## Exercise
Below are records; the lines starting at the one with "Thank you very" and ending at the one with "Give it a little" must be reproduced exactly, both included. Pictures must not appear.

## Information shown
---------------
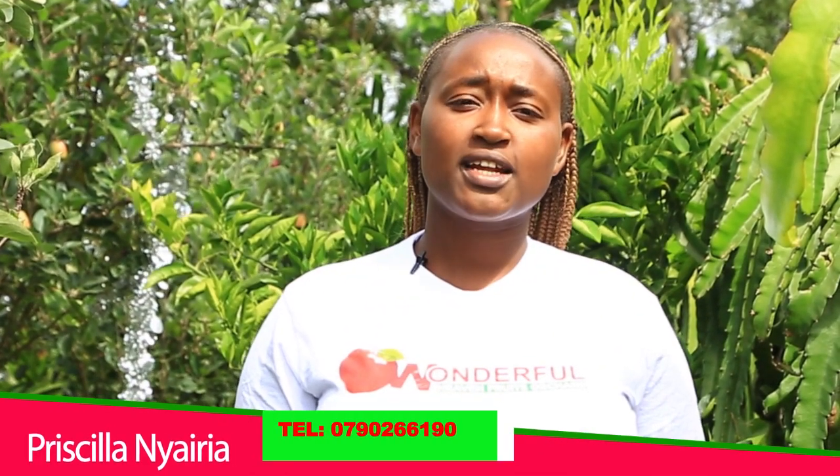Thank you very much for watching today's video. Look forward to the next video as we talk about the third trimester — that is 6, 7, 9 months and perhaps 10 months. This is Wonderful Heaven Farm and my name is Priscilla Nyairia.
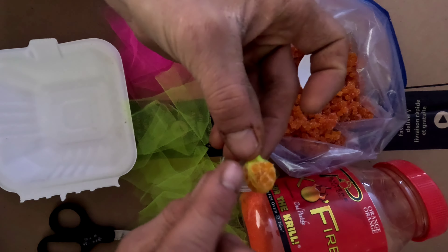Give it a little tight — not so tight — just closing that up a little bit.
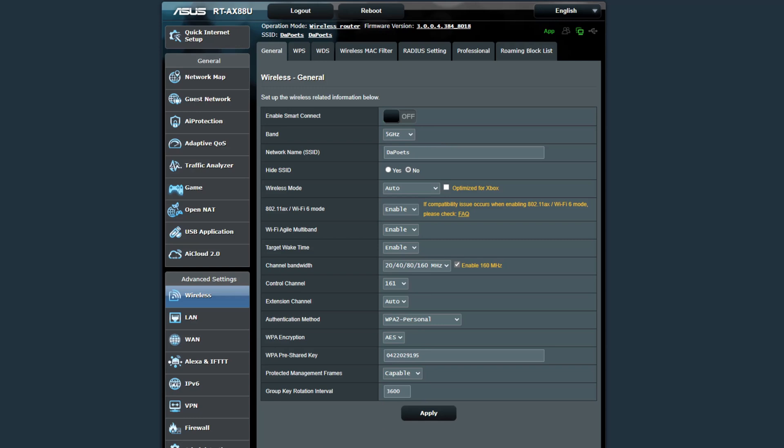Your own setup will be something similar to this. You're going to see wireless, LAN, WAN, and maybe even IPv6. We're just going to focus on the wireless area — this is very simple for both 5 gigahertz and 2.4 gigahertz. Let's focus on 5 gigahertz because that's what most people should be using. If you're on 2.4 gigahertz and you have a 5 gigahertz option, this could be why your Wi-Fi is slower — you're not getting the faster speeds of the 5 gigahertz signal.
---------------
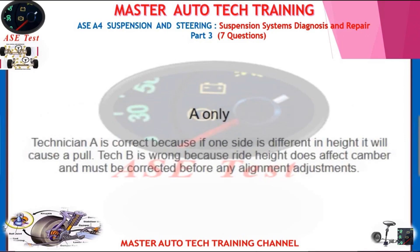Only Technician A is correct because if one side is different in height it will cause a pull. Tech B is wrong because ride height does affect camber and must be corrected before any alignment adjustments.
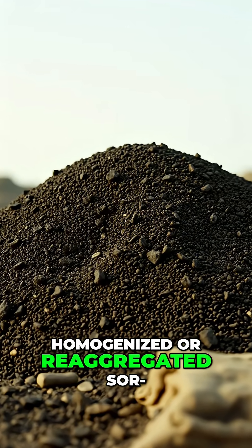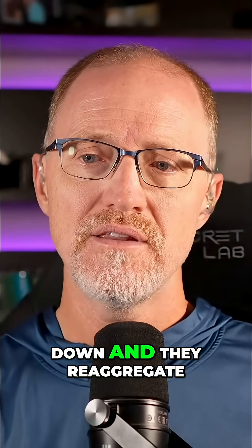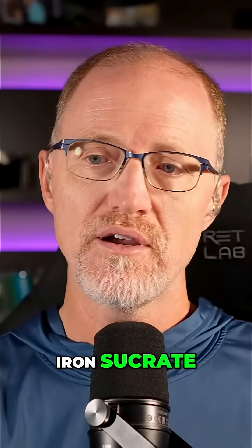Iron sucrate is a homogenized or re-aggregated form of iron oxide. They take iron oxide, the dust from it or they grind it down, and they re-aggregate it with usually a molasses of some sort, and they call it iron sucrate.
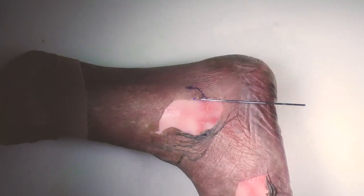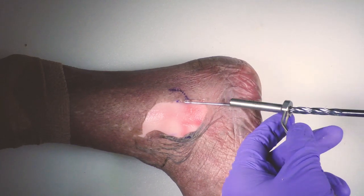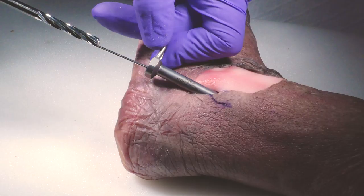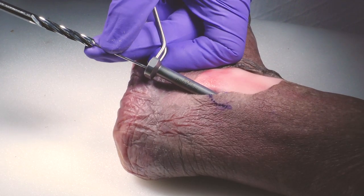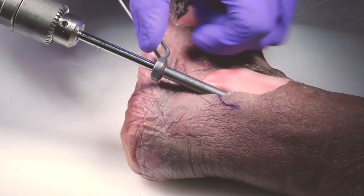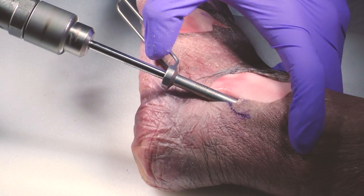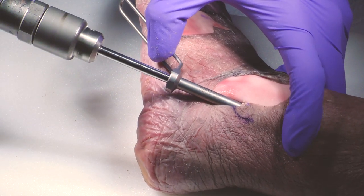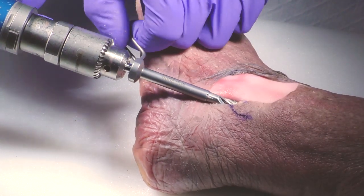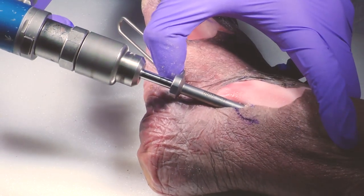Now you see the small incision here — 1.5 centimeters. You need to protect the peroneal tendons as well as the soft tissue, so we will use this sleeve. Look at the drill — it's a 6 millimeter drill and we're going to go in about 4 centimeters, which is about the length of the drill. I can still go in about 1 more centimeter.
---------------
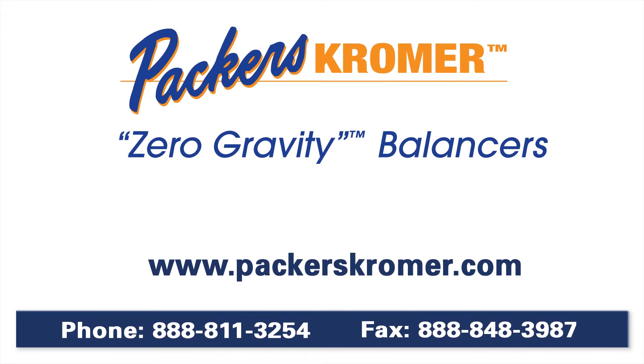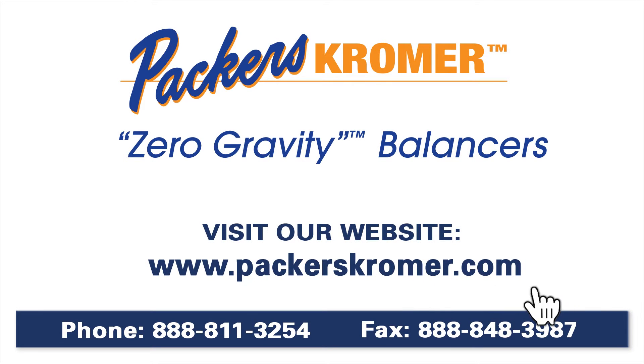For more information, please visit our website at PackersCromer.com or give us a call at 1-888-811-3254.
---------------
## Answer below
Thank you very much for watching today's video. Look forward to the next video as we talk about the third trimester — that is 6, 7, 9 months and perhaps 10 months. This is Wonderful Heaven Farm and my name is Priscilla Nyairia.
Give it a little tight — not so tight — just closing that up a little bit.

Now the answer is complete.